*WHAT IS BEING ASKED*: Word for word, reproduce the records that follow.

*EXERCISE INPUT*:
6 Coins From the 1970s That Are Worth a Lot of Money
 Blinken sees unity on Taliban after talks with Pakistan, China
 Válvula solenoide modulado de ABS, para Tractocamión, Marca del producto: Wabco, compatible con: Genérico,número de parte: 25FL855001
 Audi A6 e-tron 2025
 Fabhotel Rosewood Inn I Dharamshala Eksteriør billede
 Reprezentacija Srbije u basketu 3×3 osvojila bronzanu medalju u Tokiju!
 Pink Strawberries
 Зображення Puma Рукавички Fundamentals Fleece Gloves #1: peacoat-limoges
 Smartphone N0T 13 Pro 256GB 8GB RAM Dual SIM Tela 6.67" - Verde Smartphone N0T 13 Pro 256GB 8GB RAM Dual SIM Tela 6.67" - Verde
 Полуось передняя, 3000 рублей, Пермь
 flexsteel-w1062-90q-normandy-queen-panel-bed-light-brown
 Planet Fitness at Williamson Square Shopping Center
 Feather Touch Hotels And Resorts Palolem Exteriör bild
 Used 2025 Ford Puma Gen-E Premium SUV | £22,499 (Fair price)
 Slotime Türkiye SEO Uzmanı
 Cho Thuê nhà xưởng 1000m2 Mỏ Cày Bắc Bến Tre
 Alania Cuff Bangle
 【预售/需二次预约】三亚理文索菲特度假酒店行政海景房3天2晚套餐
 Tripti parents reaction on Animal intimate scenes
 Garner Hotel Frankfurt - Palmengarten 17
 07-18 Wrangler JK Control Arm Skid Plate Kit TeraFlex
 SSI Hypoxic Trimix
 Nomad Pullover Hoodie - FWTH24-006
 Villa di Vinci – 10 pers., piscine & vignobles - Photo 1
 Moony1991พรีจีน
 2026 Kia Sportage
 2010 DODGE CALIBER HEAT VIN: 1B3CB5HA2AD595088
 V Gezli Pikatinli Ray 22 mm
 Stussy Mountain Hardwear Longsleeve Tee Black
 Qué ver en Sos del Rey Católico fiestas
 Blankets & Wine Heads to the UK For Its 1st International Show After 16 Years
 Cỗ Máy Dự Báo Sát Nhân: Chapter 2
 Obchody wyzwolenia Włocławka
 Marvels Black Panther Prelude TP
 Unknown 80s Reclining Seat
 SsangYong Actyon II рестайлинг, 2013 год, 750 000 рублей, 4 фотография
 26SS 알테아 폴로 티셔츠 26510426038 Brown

*RESPONSE TO THIS TASK*:
6 Coins From the 1970s That Are Worth a Lot of Money
 Blinken sees unity on Taliban after talks with Pakistan, China
 Válvula solenoide modulado de ABS, para Tractocamión, Marca del producto: Wabco, compatible con: Genérico,número de parte: 25FL855001
 Audi A6 e-tron 2025
 Fabhotel Rosewood Inn I Dharamshala Eksteriør billede
 Reprezentacija Srbije u basketu 3×3 osvojila bronzanu medalju u Tokiju!
 Pink Strawberries
 Зображення Puma Рукавички Fundamentals Fleece Gloves #1: peacoat-limoges
 Smartphone N0T 13 Pro 256GB 8GB RAM Dual SIM Tela 6.67" - Verde Smartphone N0T 13 Pro 256GB 8GB RAM Dual SIM Tela 6.67" - Verde
 Полуось передняя, 3000 рублей, Пермь
 flexsteel-w1062-90q-normandy-queen-panel-bed-light-brown
 Planet Fitness at Williamson Square Shopping Center
 Feather Touch Hotels And Resorts Palolem Exteriör bild
 Used 2025 Ford Puma Gen-E Premium SUV | £22,499 (Fair price)
 Slotime Türkiye SEO Uzmanı
 Cho Thuê nhà xưởng 1000m2 Mỏ Cày Bắc Bến Tre
 Alania Cuff Bangle
 【预售/需二次预约】三亚理文索菲特度假酒店行政海景房3天2晚套餐
 Tripti parents reaction on Animal intimate scenes
 Garner Hotel Frankfurt - Palmengarten 17
 07-18 Wrangler JK Control Arm Skid Plate Kit TeraFlex
 SSI Hypoxic Trimix
 Nomad Pullover Hoodie - FWTH24-006
 Villa di Vinci – 10 pers., piscine & vignobles - Photo 1
 Moony1991พรีจีน
 2026 Kia Sportage
 2010 DODGE CALIBER HEAT VIN: 1B3CB5HA2AD595088
 V Gezli Pikatinli Ray 22 mm
 Stussy Mountain Hardwear Longsleeve Tee Black
 Qué ver en Sos del Rey Católico fiestas
 Blankets & Wine Heads to the UK For Its 1st International Show After 16 Years
 Cỗ Máy Dự Báo Sát Nhân: Chapter 2
 Obchody wyzwolenia Włocławka
 Marvels Black Panther Prelude TP
 Unknown 80s Reclining Seat
 SsangYong Actyon II рестайлинг, 2013 год, 750 000 рублей, 4 фотография
 26SS 알테아 폴로 티셔츠 26510426038 Brown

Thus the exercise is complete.